Er näherte sich Rufirant mit katzenhafter Geschmeidigkeit, sehr wachsam, sich gleichzeitig dessen bewußt — und darüber erleichtert —, daß keiner der anderen Männer Anstalten zeigte, sich einzumischen.

Rufirant drosch plötzlich zu, aber Gendibal sah es in seinem Geist voraus, noch bevor ein einziger Muskel sich zu straffen begann, und wich aus. Die Faust fuhr dicht an ihm vorbei. Gendibal stand unverändert unbeeindruckt da. Den Männern rundherum entfuhr ein einstimmiges Aufkeuchen.

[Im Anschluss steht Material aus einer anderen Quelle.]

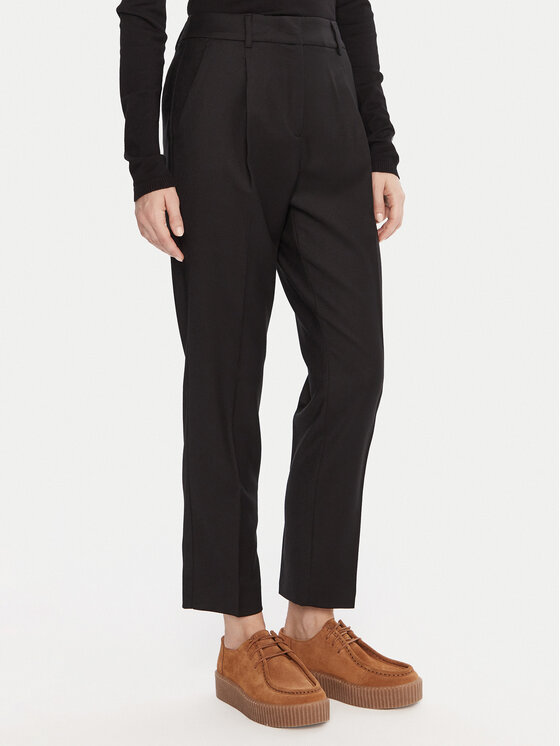 Брюки regular fit Caldaia 2525136152 Weekend Max Mara, черный
Брюки regular fit Caldaia 2525136152 Weekend Max Mara, черный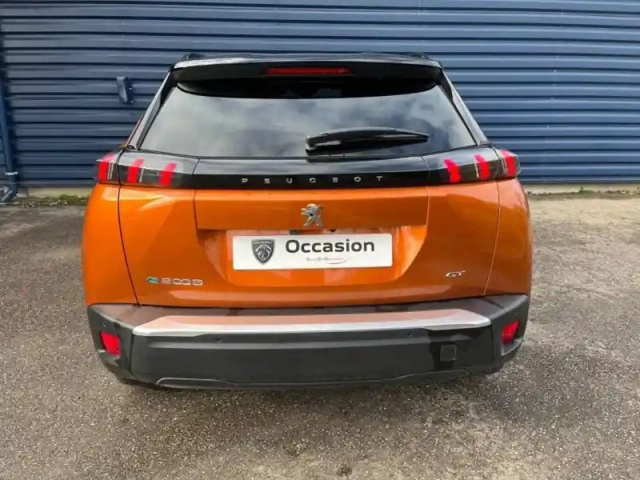 Peugeot 2008 e- 136ch gt — photo 4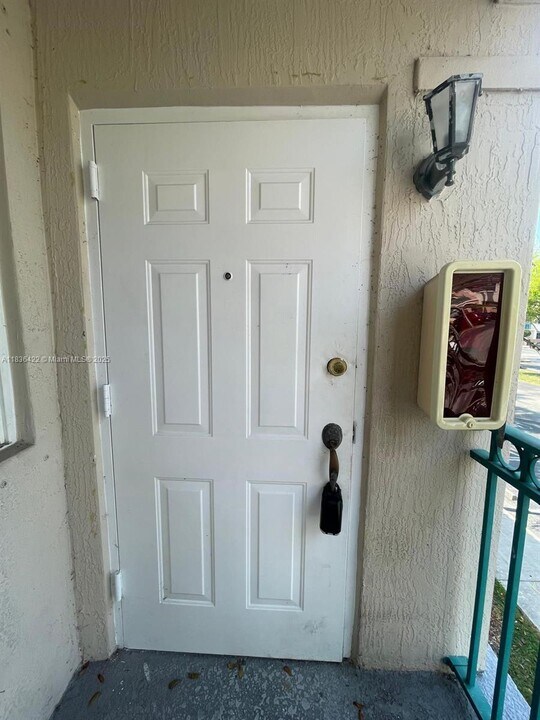 2921 SE 13th Rd in Homestead, FL - Building Photo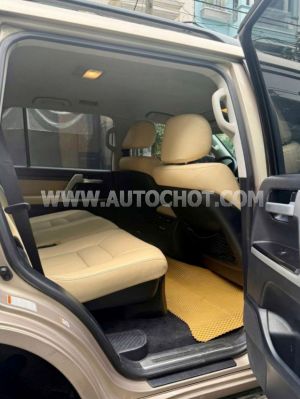 Xe Toyota Land Cruiser VX 4.6 V8 2017
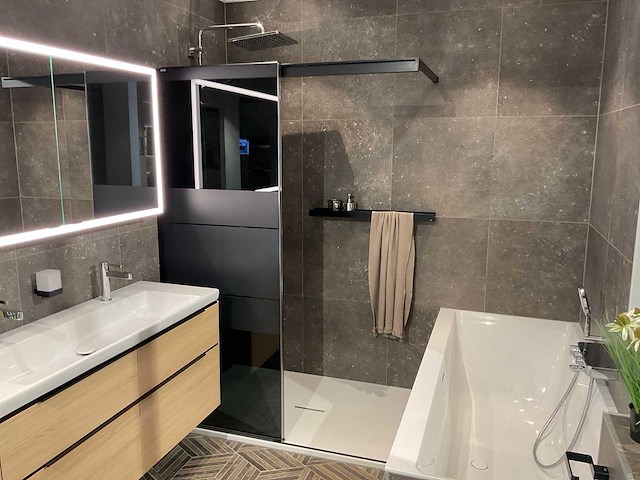 Duka-villeroy&boch inloopdouchewand met schuifdeur en douchevloer - afbeelding 3 van  8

Gendibal unternahm keinerlei Versuche, Schläge zu parieren oder seinerseits welche auszuteilen. Es wäre für ihn schwierig gewesen, einen Hieb abzuwehren, ohne den eigenen Arm zu lähmen, und selber zuzuschlagen, hätte keinen Sinn gehabt, denn dem Farmer wäre jeder Hieb Gendibals wie ein Mückenstich vorgekommen.

Er konnte dem Mann lediglich ausweichen wie einem Stier, ihn immer wieder ins Leere laufen lassen. Das würde seine Moral voraussichtlich stärker beeinträchtigen, als jeder direkte Widerstand es konnte.